++++ SOURCE DATA

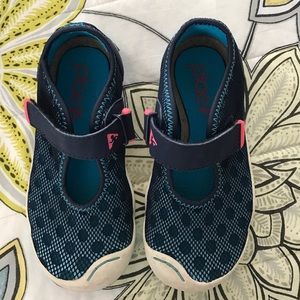 Plae Mary Jane sneakers GUC size 10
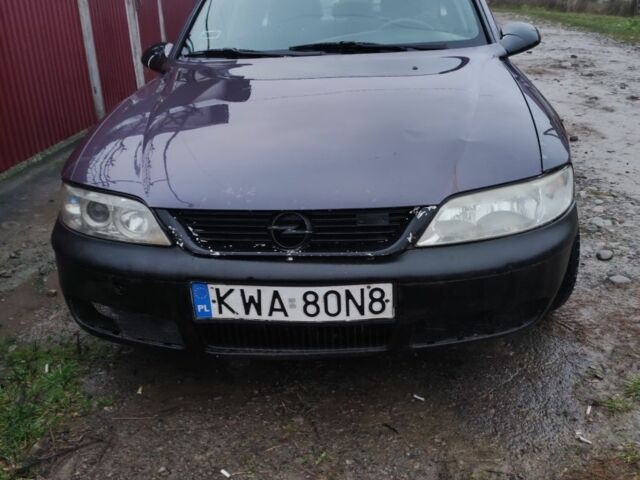 Фиолетовый Опель Вектра, объемом двигателя 1 л и пробегом 320 тыс. км за 750 $, фото 1 на Automoto.ua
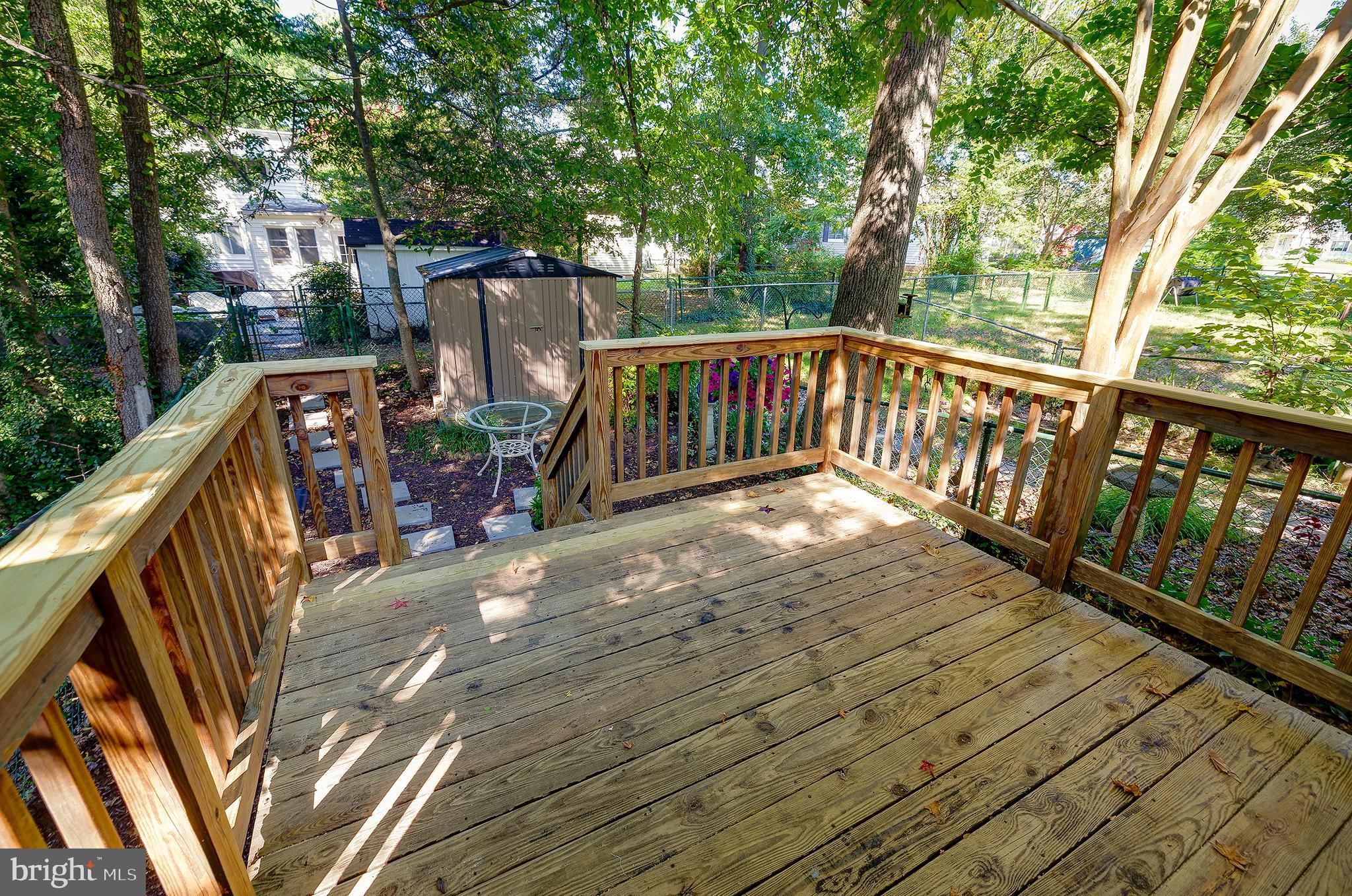 16 RIDGE ROAD N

++++++++

— EXERCISE REQUIREMENTS —
The answer should be an exact copy of the material, with its pictures removed.

— PROBLEM SOLUTION —
 Plae Mary Jane sneakers GUC size 10
 Фиолетовый Опель Вектра, объемом двигателя 1 л и пробегом 320 тыс. км за 750 $, фото 1 на Automoto.ua
 16 RIDGE ROAD N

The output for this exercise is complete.